危うく浜松町で山手線に乗り換えるのを忘れるところだった💦

駅から軽食をと思い、宝塚の方へ歩いていくと、入ろうとしたお店が無い! どうしよう…と考える間もなく、日比谷公園。すでに紅葉が始まっている。



ベンチで日向ぼっこをすればポカポカ☀
気がつけば、お昼を食べていないのに開場時間。

NISSAY OPERA 2016
モーツァルト作曲 オペラ『後宮からの逃走』全3幕(ドイツ語歌唱・日本語台詞)


14時~

日生劇場

指揮:川瀬賢太郎
演出:田尾下 哲
管弦楽:読売日本交響楽団

太守セリム:宍戸 開
コンスタンツェ:佐藤優子
ブロンデ:湯浅ももこ
ベルモンテ:金山京介
ペドリッロ:村上公太
オスミン:加藤宏隆
合唱:C.ヴィレッジシンガーズ

美術:幹子・S・マックアダムス
照明:沢田祐二
衣裳:前田文子
ドラマトゥルク:庭山由佳
演出助手:田丸一宏
舞台監督:山田ゆか
合唱指揮:田中信昭
副指揮:大川修司、鈴木恵里奈、水戸博之
コレペティトゥア:平塚洋子、矢崎貴子

先行予約で来た席は、なんと前から4列目の中央という、願ってもないところ。
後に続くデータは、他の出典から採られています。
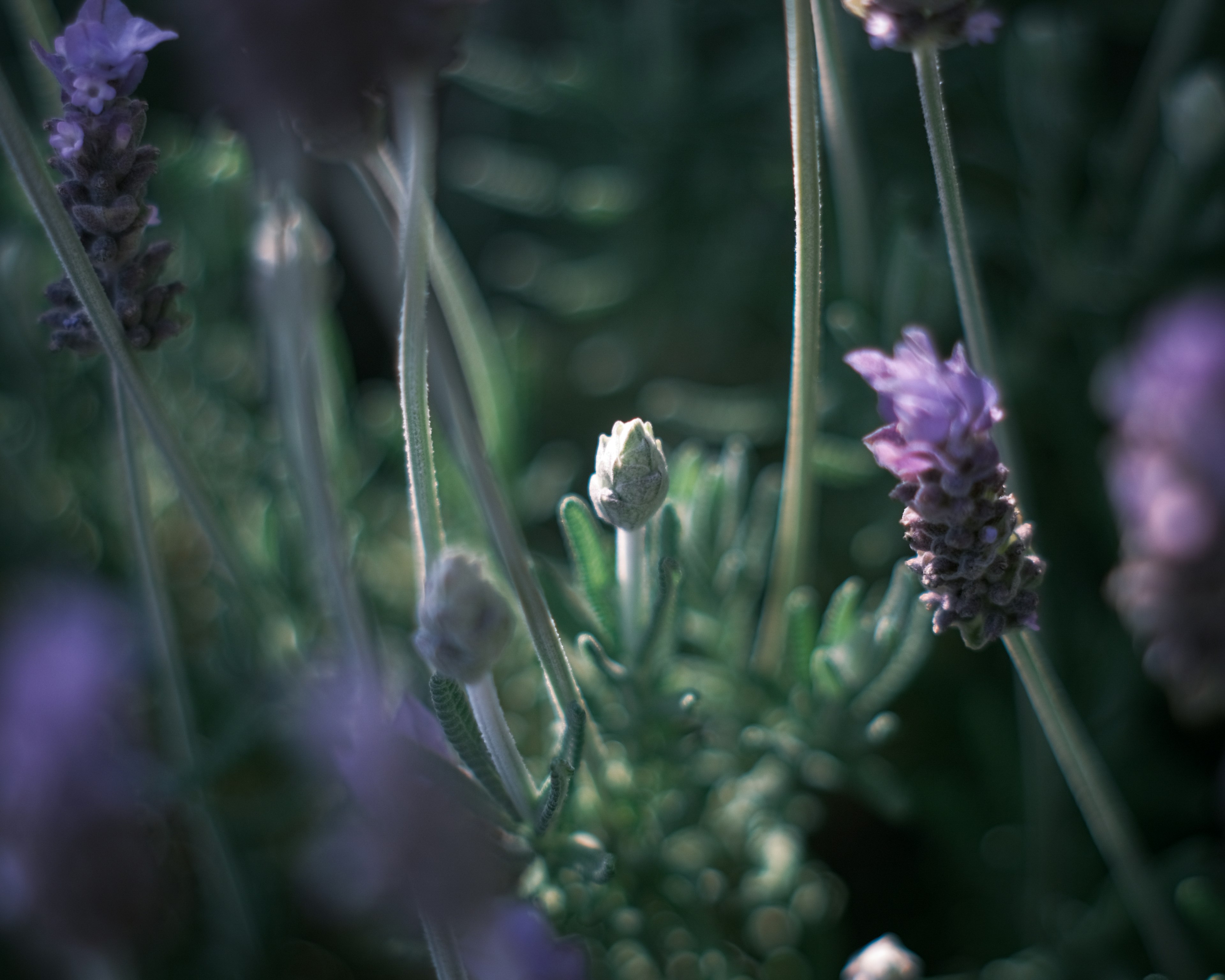 Flores de lavanda en un fondo verde con flores moradas prominentes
最高の席で観ることができました。

開演前に、演出の田尾下さんと ドラマトゥルクの庭山さんとのプレトーク。歯切れのいい 端的な舞台観劇のポイントの解説がありました。

田尾下さんの演出は、分かりやすくストーリーを描いた、観てわかる組み立て。椅子と机を様々に組み立てて 舞台を作り出していきました。その動きがテキパキとあっという間の舞台転換が利く リズミックさが、観ていてとても心地よかったです。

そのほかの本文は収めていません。